** AVAILABLE DATA **

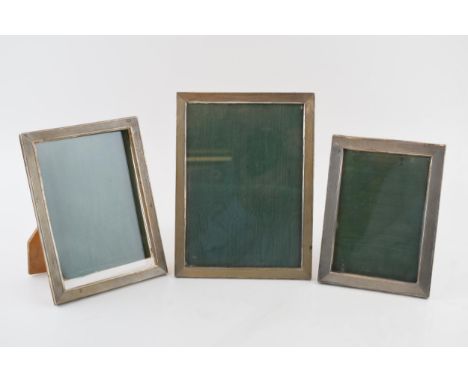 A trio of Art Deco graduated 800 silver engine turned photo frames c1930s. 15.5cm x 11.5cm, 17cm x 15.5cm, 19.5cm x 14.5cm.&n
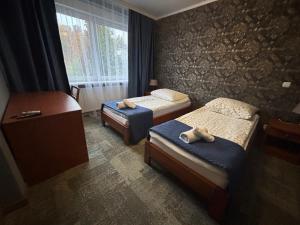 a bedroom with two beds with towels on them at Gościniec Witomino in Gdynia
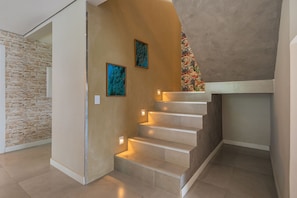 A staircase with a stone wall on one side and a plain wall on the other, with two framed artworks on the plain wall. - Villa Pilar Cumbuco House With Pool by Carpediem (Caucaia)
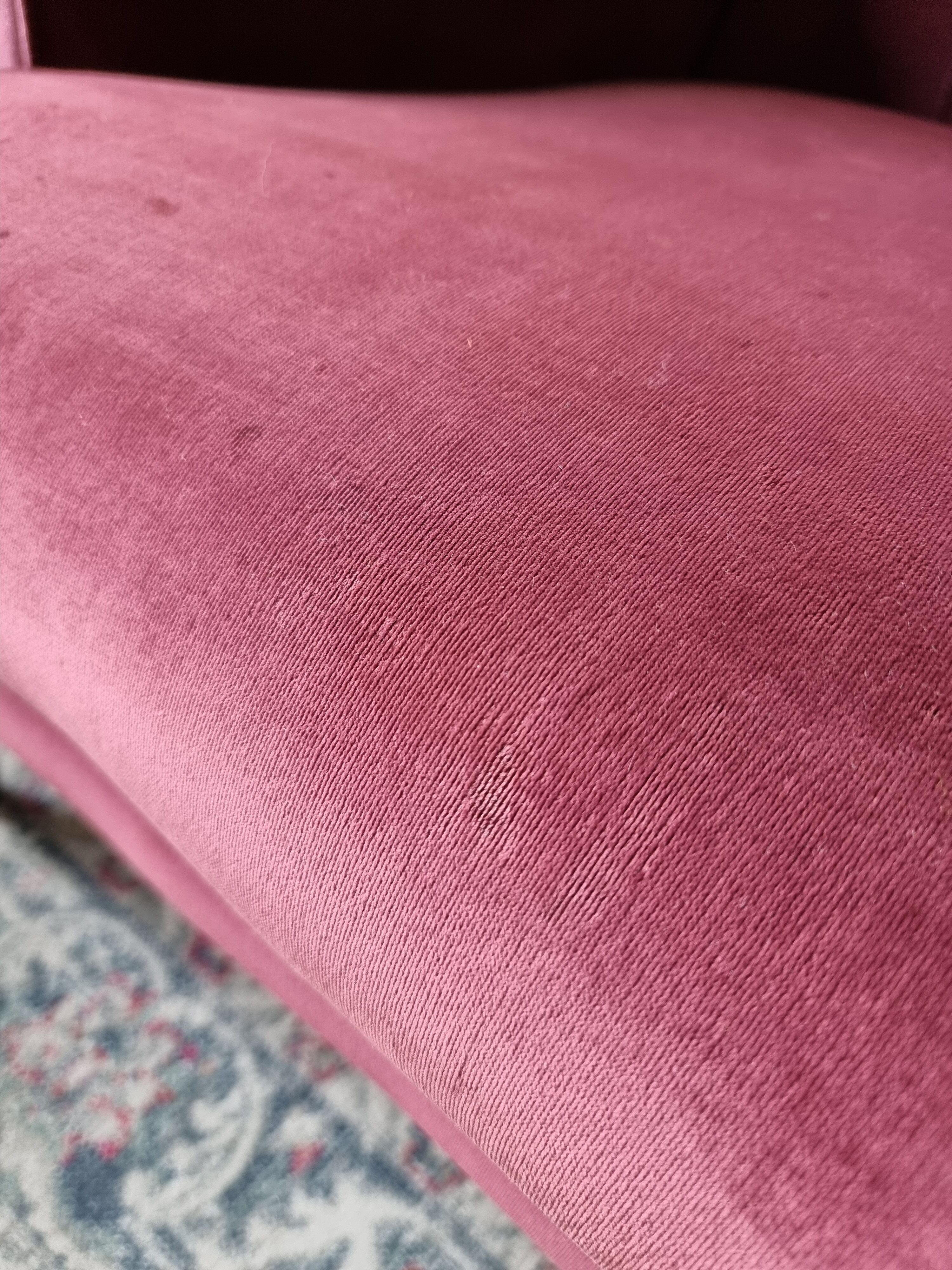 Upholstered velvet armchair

** EXERCISE DETAILS **
Would you restate the listing word for word and leave every picture out?

** OUTPUT **
 A trio of Art Deco graduated 800 silver engine turned photo frames c1930s. 15.5cm x 11.5cm, 17cm x 15.5cm, 19.5cm x 14.5cm.&n
 a bedroom with two beds with towels on them at Gościniec Witomino in Gdynia
 A staircase with a stone wall on one side and a plain wall on the other, with two framed artworks on the plain wall. - Villa Pilar Cumbuco House With Pool by Carpediem (Caucaia)
 Upholstered velvet armchair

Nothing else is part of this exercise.